Still, it's important to know how to split integrals in case you have a shape that's defined by three or more functions and the interaction isn't as simple as a single intersection point.
• Let's say I want to complicate my life a little and find the areas as the sum of two separate areas R and S.
1) How do solve the equation in order to find the point of intersection? (x^4 - 6.5 * x^2 + 5 * x + 1 - e^(x^2 - 2 * x) = 0) It appears to be unsolvable.
2) Assuming problem #1 has been resolved, what is the effective way to find which function is greater? Or should I simply take an absolute value and that should do the job?
3) How do you solve the integral of (e^(x^2 - 2 * x)dx)?

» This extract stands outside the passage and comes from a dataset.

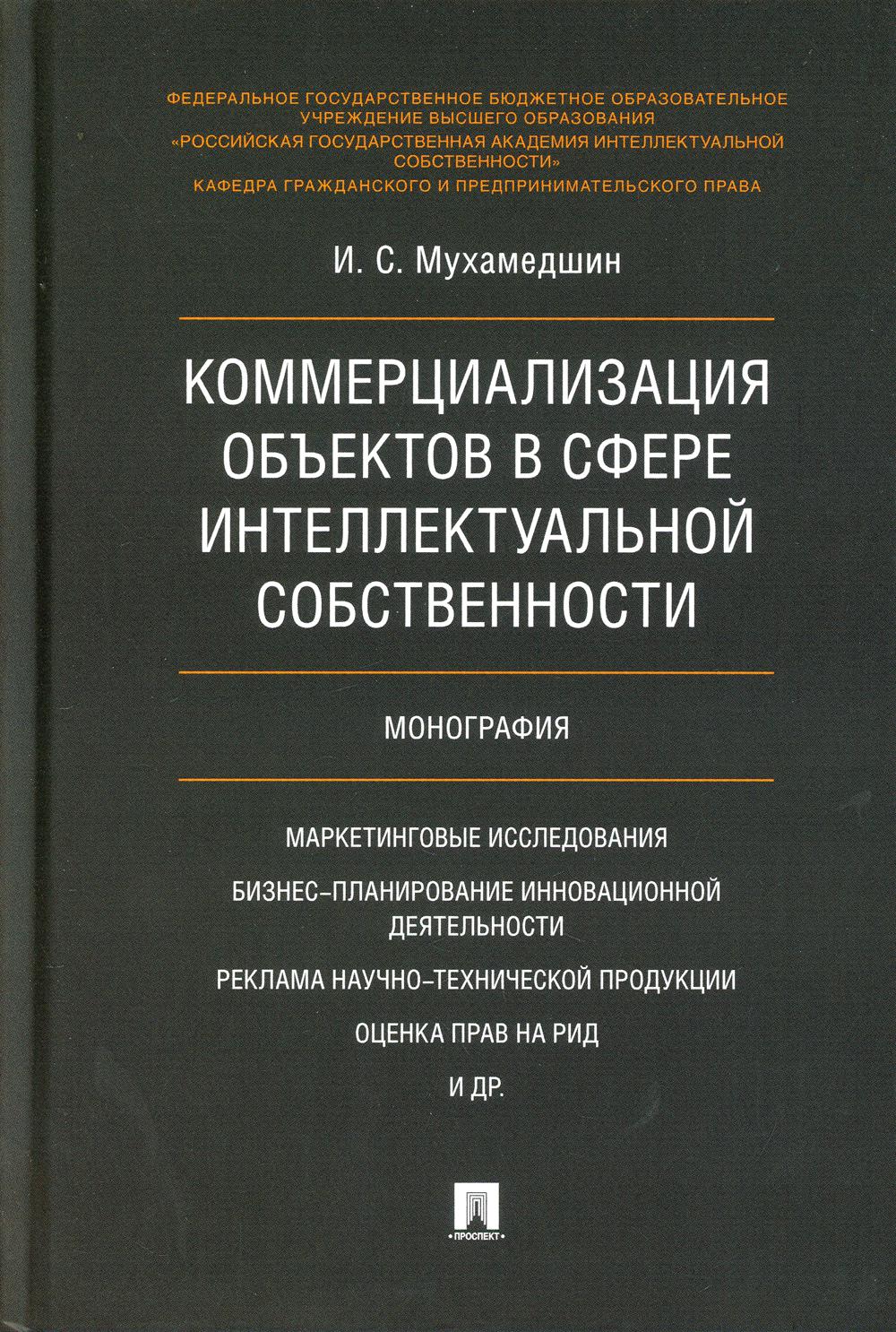 Коммерциализация объектов в сфере интеллектуальной собственности. Монография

4) If I do not have a calculator on the exam, does that mean I am doomed? • From my experience, yes. There is no easy way to solve an equation where: a^f(x) = g(x). The only way to do this simply is with the equation solver on a TI-84 or other calculator with similar abilities. If you plan on taking the AP Calculus exam, you should invest in a calculator. Additionally, on problem 1 in this series, you have to take the definite integral of sin(x^2) or on this question the definite integral of e^(x^2 - 2x)dx. This isn't possible without a graphing calculator or memorization of complex irregular integrals that the test designers don't expect you to know.

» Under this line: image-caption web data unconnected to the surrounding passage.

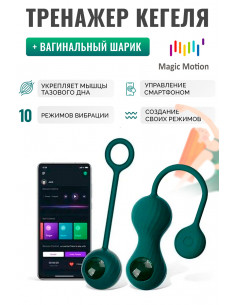Умный Смарт-Тренажер Кегеля Magic Motion Crystal Duo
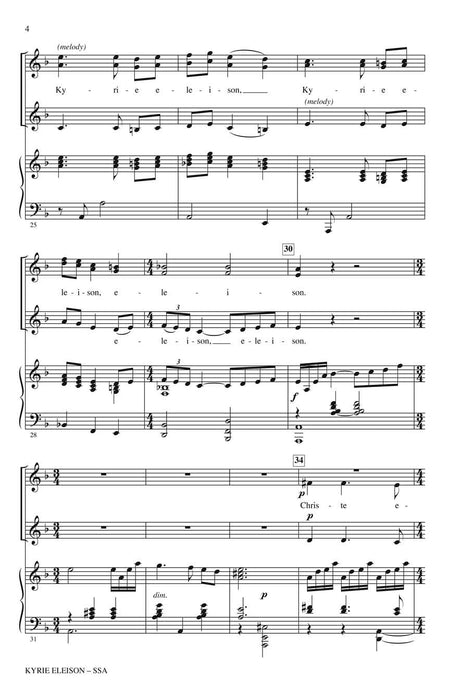 Kyrie Eleison (from Petite Mass) 彌撒曲 | 小雅音樂 Hsiaoya Music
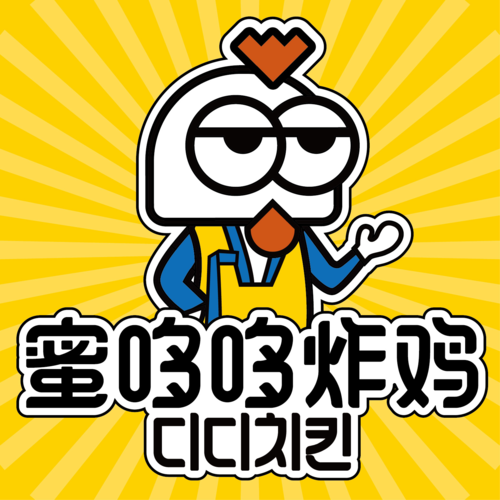 【服务员招聘_蜜哆哆韩式炸鸡(万达亲湖苑店)最新招聘信息】 - 淘工作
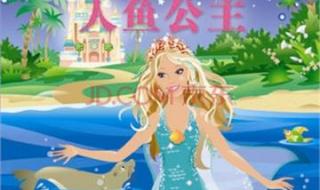 芭比公主之人鱼公主 芭比公主之人鱼公主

As for your question 2, I look at the graphs above. Perhaps this is something I can only see, but the graph of g(x) is clearly the top border of R and the bottom border of S. This may have something to do with the fact that g(x) is a degree 4 polynomial and f(x) is an exponentially based function.

Another way to explain is to take the derivative of g(x) and see that it should have 2 roots between 0 and 2 - horizontal tangents, while the exponential function has at maximum one.
• For the question 2a at , why don't we have to split up the two portions of the graph to integrate them. In section R, g(x) is above the f(x) line however in section S the reverse is true. Wouldn't this affect the answer? • Nice solution! Much easier than what I was trying to do , which as Joe pointed out was trying to figure out where f and g crossed in the interval and separate them out. I thought it kinda looked like where the inflection point was in the polynomial but that was 1.041 and actual value was 1.032832 (close). Can someone PLEASE tell me what the indefinite integral is on the exponential function , I was thinking x + x^2/2 + e ^(x^2-6) but I'm guessing there must be something more on the e term given the complex exponent. Doesnt look like a simple substitution cause if u= x^2 -6 then I cant get rid of the x. Soooo, I set u equal to the whole e term, then when integrating I get u^2/2 and when resubstituting back in, the 2 can come down from the exponent and cancel with the denominator and your left with just the original e term in the function as your integral on that term. Is that correct?? • I still don't get how he shrunk the area of both regions into the integral of | f(x)-g(x) |dx. Would it work it he still kept the same limits of integration 0 and 2 and wrote it as the integral of [g(x)-f(x)] + [f(x)-g(x)] for R + S?